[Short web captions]
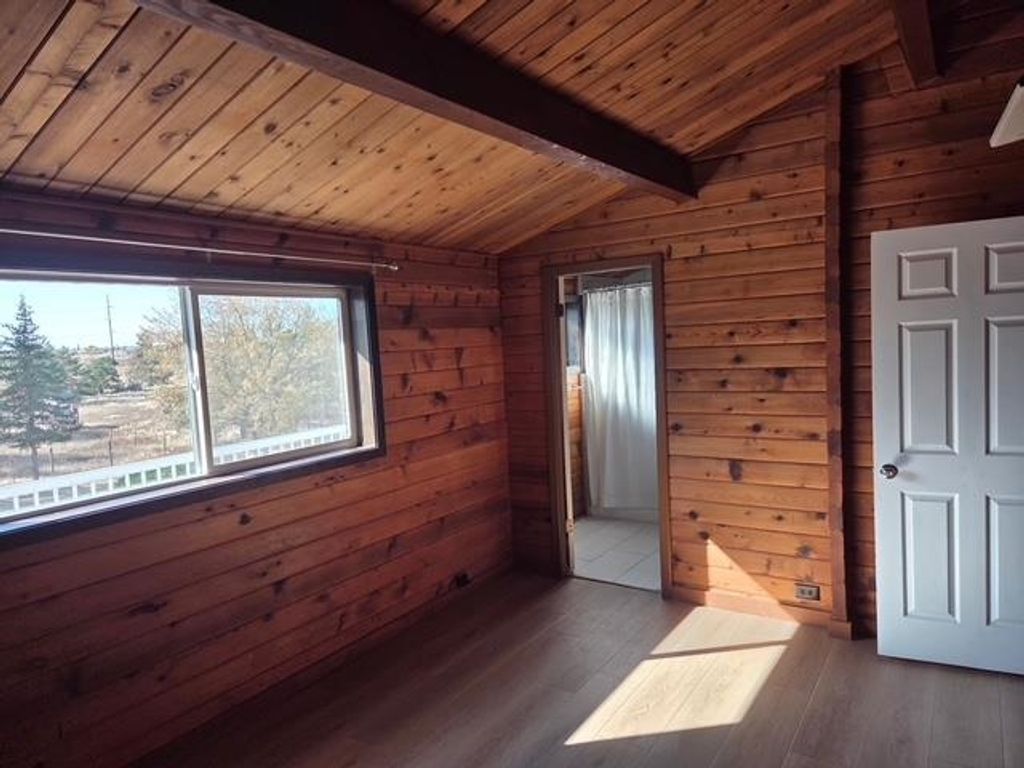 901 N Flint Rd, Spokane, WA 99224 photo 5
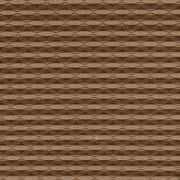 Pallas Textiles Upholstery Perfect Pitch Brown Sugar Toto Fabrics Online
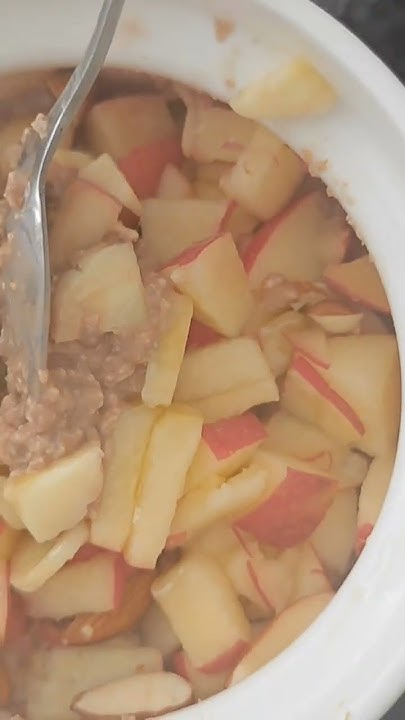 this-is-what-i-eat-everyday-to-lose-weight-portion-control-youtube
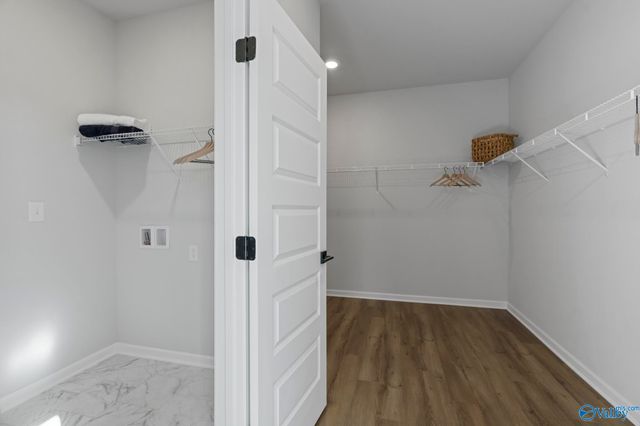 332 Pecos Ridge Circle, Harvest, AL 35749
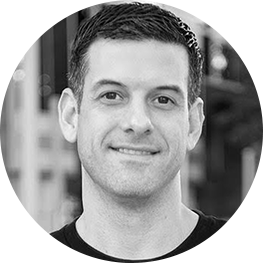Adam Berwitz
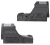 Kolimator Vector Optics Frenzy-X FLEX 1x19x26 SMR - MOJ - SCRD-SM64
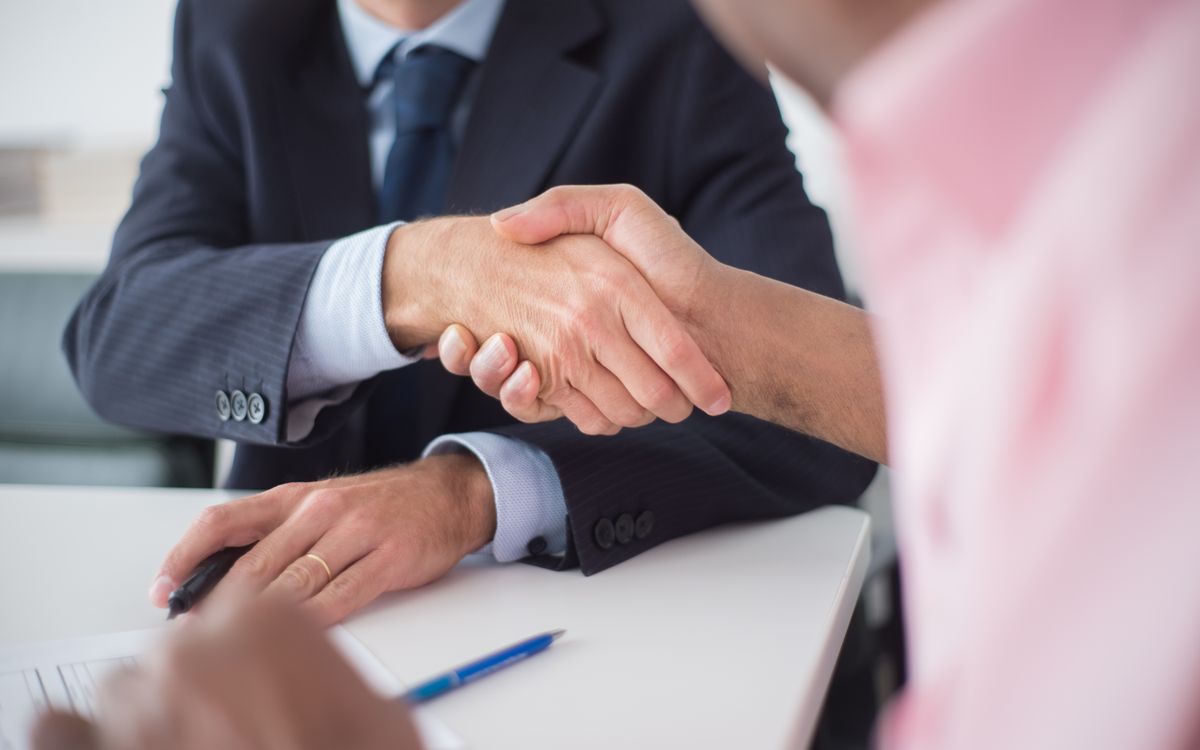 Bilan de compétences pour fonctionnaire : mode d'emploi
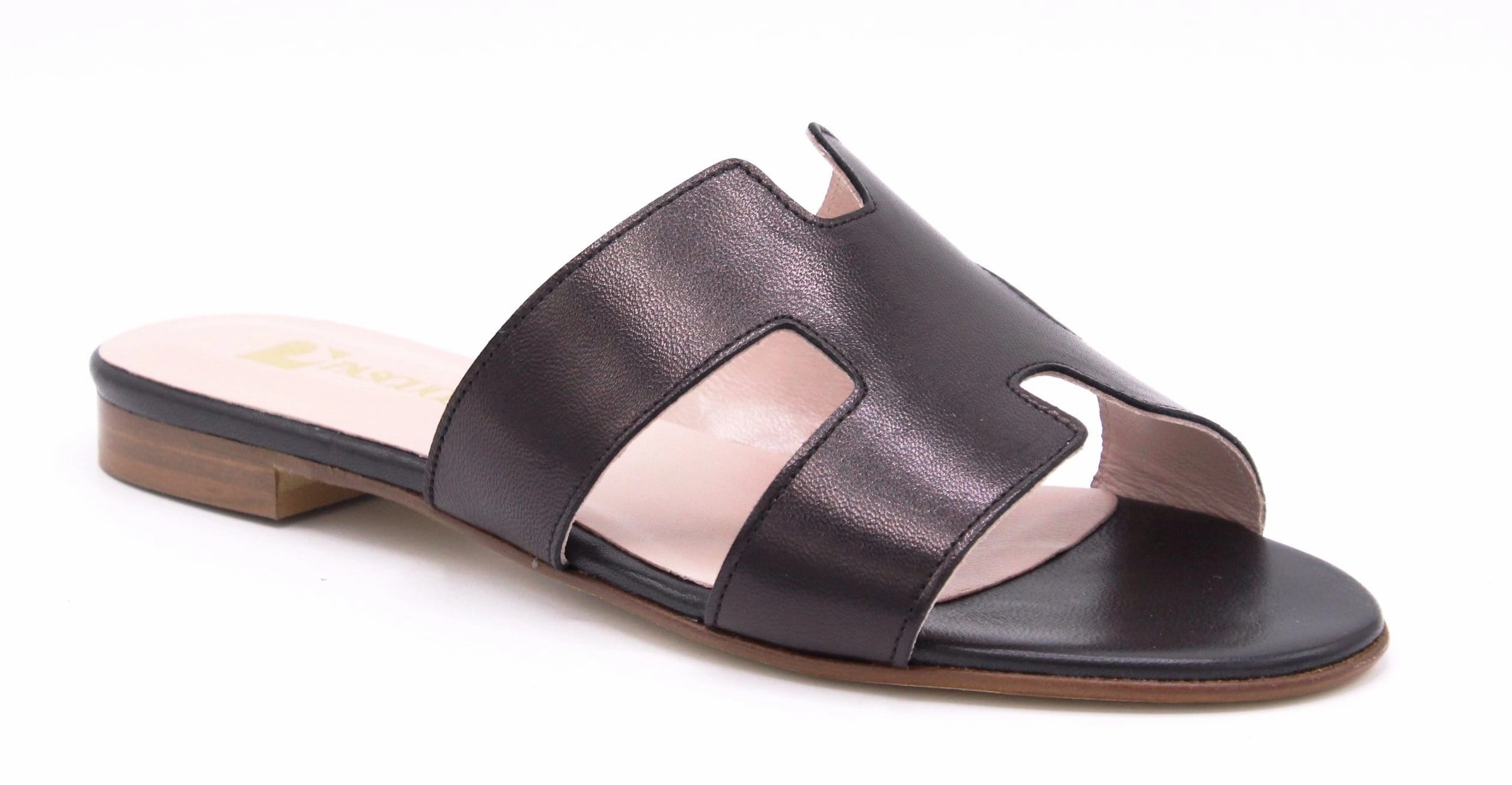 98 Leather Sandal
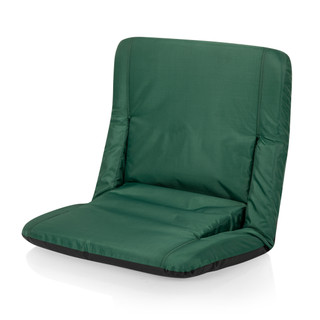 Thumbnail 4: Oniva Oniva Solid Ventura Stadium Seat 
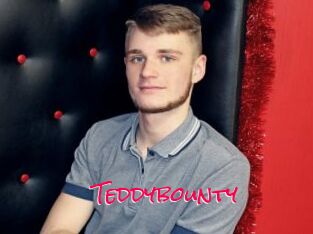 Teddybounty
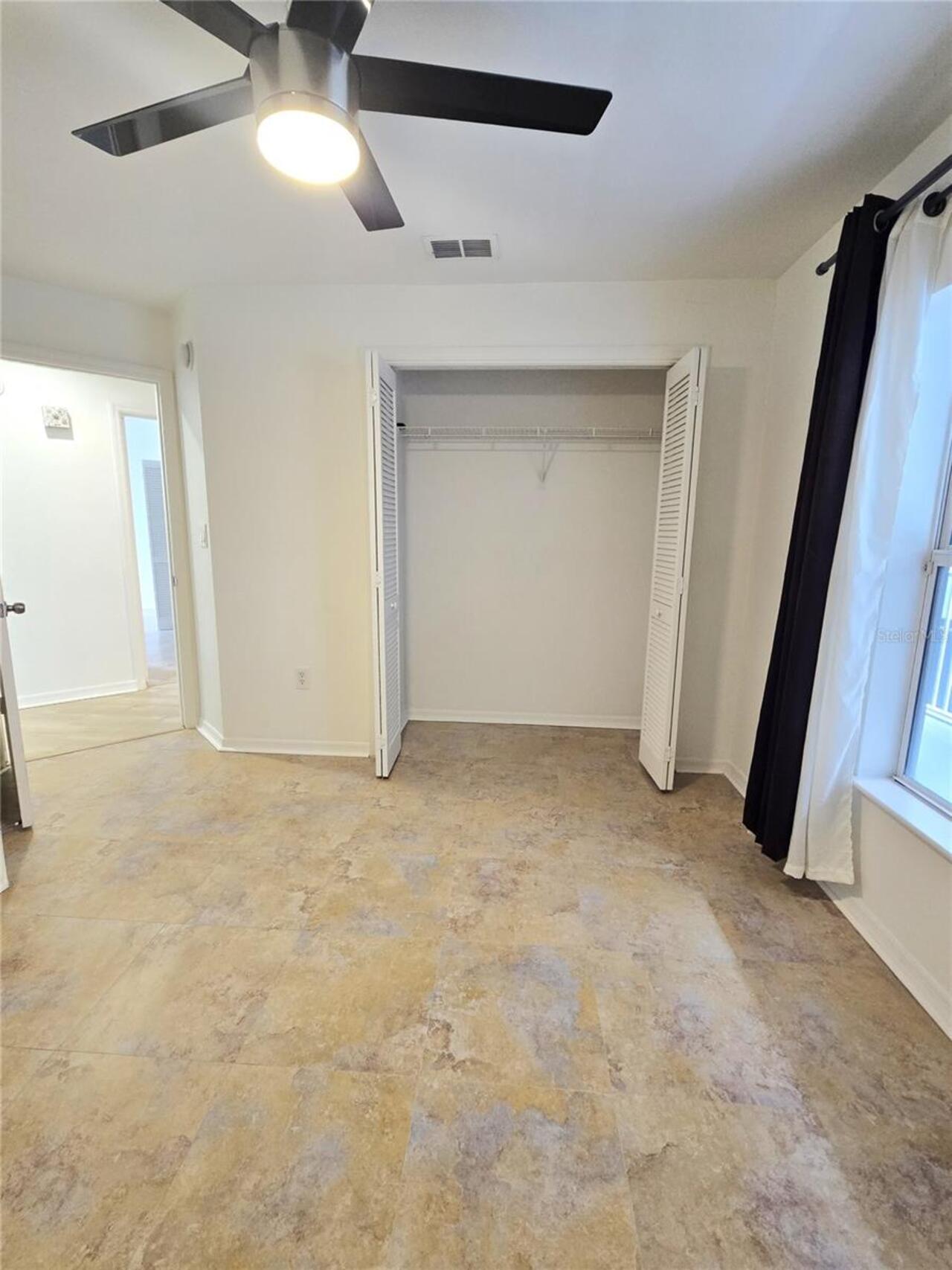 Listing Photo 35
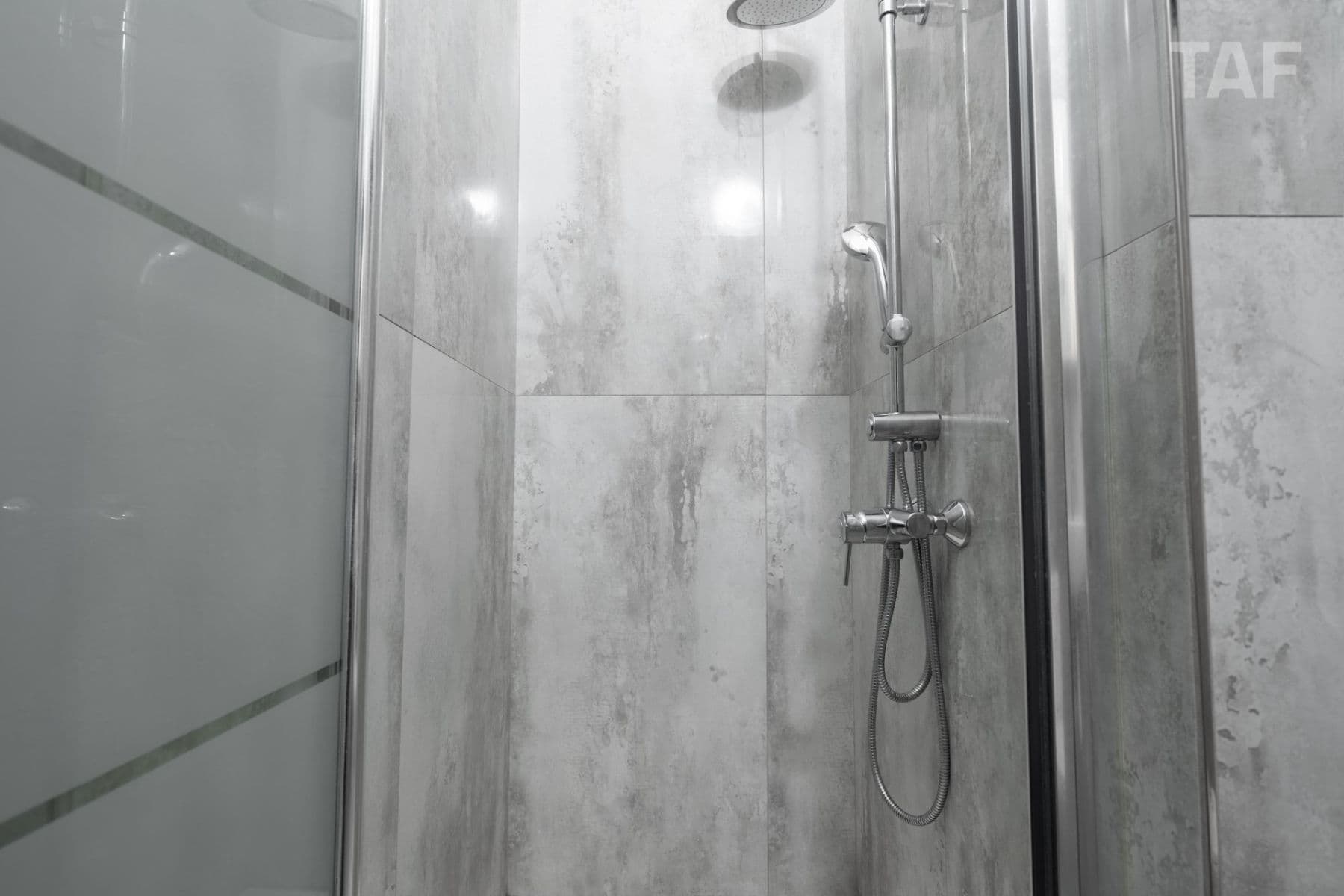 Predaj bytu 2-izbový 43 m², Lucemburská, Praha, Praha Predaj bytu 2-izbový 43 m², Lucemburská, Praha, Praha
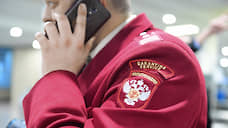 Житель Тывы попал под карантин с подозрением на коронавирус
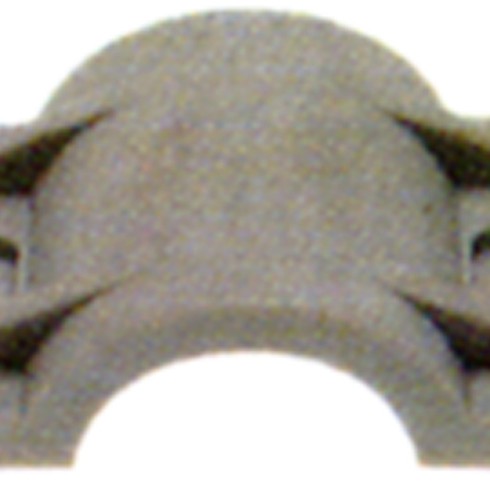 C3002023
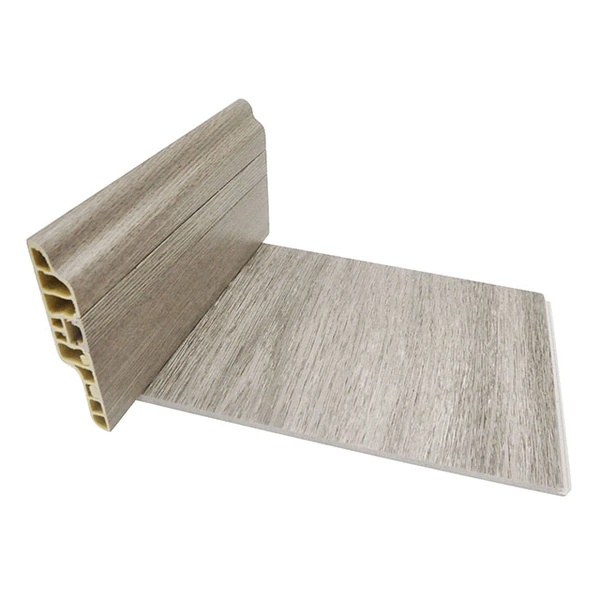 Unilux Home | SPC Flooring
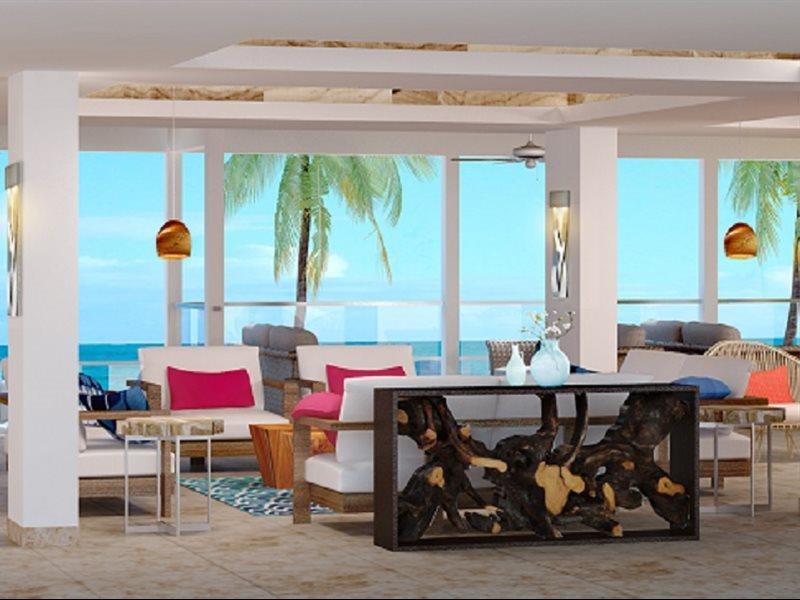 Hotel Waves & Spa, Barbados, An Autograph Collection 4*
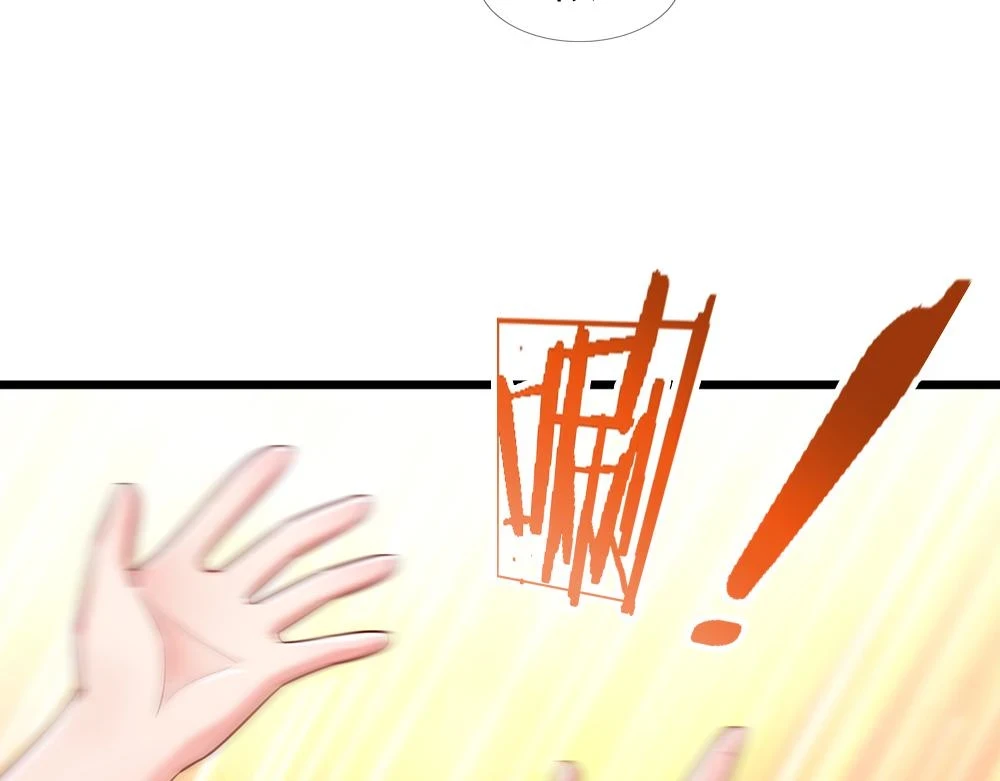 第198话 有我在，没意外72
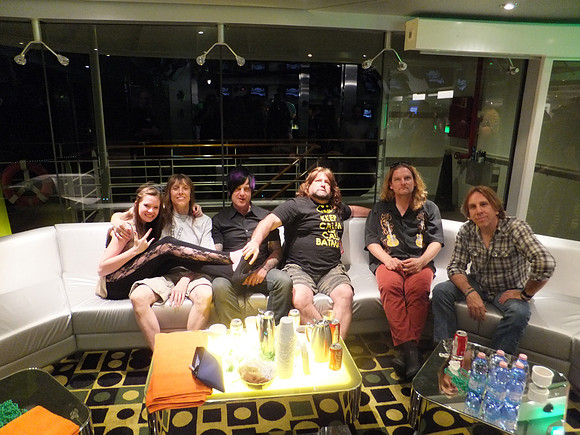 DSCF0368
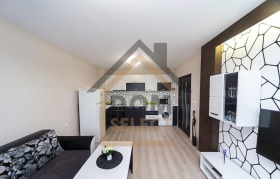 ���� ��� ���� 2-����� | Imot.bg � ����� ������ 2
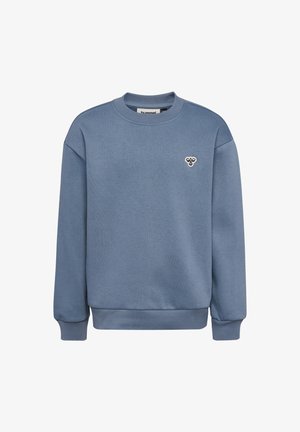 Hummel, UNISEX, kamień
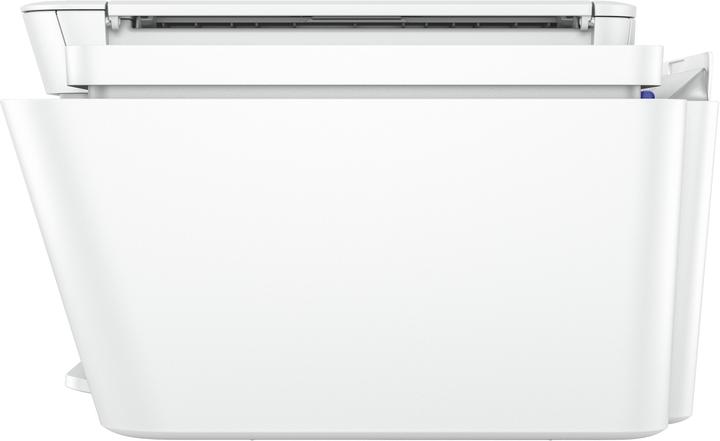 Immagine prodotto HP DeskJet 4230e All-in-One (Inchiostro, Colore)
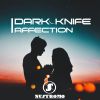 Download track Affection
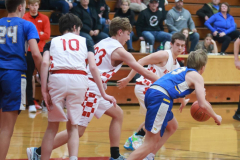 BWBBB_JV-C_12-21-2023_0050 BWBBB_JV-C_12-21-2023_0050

Exercise aim:
Could you set down, exactly as written, every line from the start of the records above through the line containing "Hummel, UNISEX, kamień", leaving the pictures out?

Result of this task:
 901 N Flint Rd, Spokane, WA 99224 photo 5
 Pallas Textiles Upholstery Perfect Pitch Brown Sugar Toto Fabrics Online
 this-is-what-i-eat-everyday-to-lose-weight-portion-control-youtube
 332 Pecos Ridge Circle, Harvest, AL 35749
Adam Berwitz
 Kolimator Vector Optics Frenzy-X FLEX 1x19x26 SMR - MOJ - SCRD-SM64
 Bilan de compétences pour fonctionnaire : mode d'emploi
 98 Leather Sandal
 Thumbnail 4: Oniva Oniva Solid Ventura Stadium Seat 
 Teddybounty
 Listing Photo 35
 Predaj bytu 2-izbový 43 m², Lucemburská, Praha, Praha Predaj bytu 2-izbový 43 m², Lucemburská, Praha, Praha
 Житель Тывы попал под карантин с подозрением на коронавирус
 C3002023
 Unilux Home | SPC Flooring
 Hotel Waves & Spa, Barbados, An Autograph Collection 4*
 第198话 有我在，没意外72
 DSCF0368
 ���� ��� ���� 2-����� | Imot.bg � ����� ������ 2
 Hummel, UNISEX, kamień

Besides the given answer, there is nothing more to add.